Find the line that contains "I have MySQL" in the records below, then repeat exactly that line and each one after it, leaving pictures out.

┌──

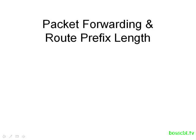Hello and welcome to this tutorial. We're going to talk about packet forwarding and how the route prefix length is related to that process.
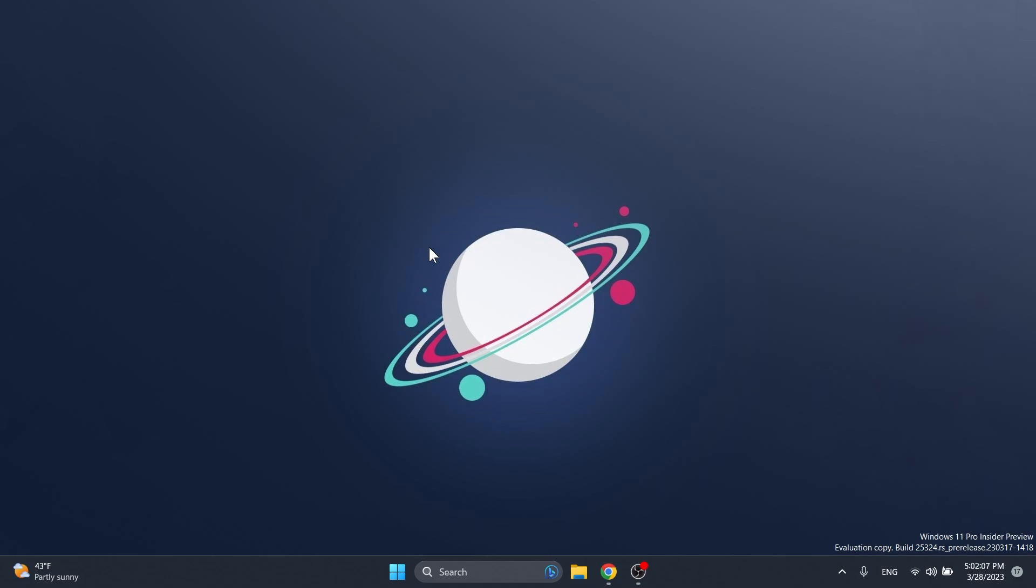In this build we have at least three new features related to the widgets board. We have a new widgets board UI with three rows on the main interface. We also have a new animated icon for the widgets button and we can have a different alignment for the widgets icon, which can be placed at the right side of the taskbar near the system tray.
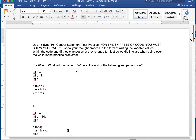This is a practice test for tomorrow. Tomorrow is the control statement test and that's the last major grade of the semester. The semester ends Wednesday so make sure you get this in. This is going to be practice for our control statements since we learned them over the last month or so. The question is: what will the final value of A be at the end of the following snippets?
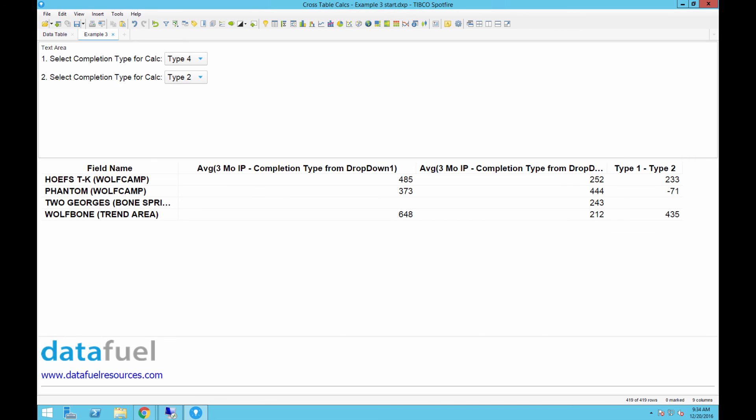In this video, I showed another way to perform mathematical operations within a crosstable using the combination of calculated columns, document properties, and custom expressions. Hope you've learned a few new tricks about crosstable calculations from these last three videos.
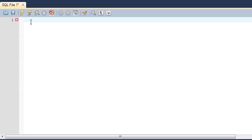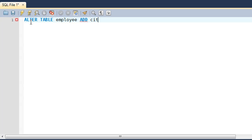I have MySQL Workbench open in the editor. You type ALTER TABLE followed by the name of the table you wish to work with — so I'll use the employee table. I want to add a city field, so I type: ALTER TABLE employee ADD city CHAR(20); then put a semicolon at the end and execute the query.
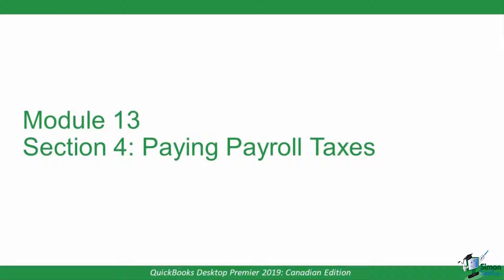In this section, we're going to explore what's involved to pay payroll taxes in QuickBooks. In the previous section, we ran the payroll for our one employee, Sean Green.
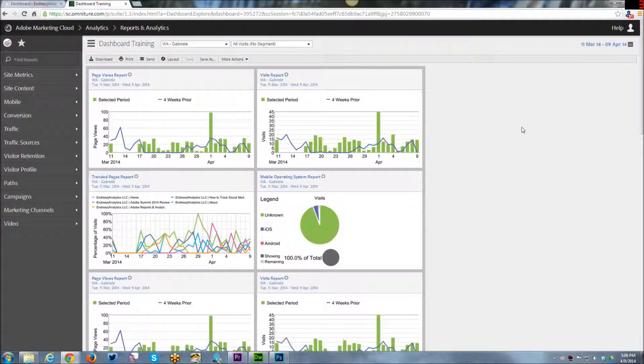Hello, Gabby again from Endress Analytics. This week's tutorial is going to be on Adobe Analytics and how to implement in WordPress.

└──

> [ANSWER SECTION]:
I have MySQL Workbench open in the editor. You type ALTER TABLE followed by the name of the table you wish to work with — so I'll use the employee table. I want to add a city field, so I type: ALTER TABLE employee ADD city CHAR(20); then put a semicolon at the end and execute the query.
In this section, we're going to explore what's involved to pay payroll taxes in QuickBooks. In the previous section, we ran the payroll for our one employee, Sean Green.
Hello, Gabby again from Endress Analytics. This week's tutorial is going to be on Adobe Analytics and how to implement in WordPress.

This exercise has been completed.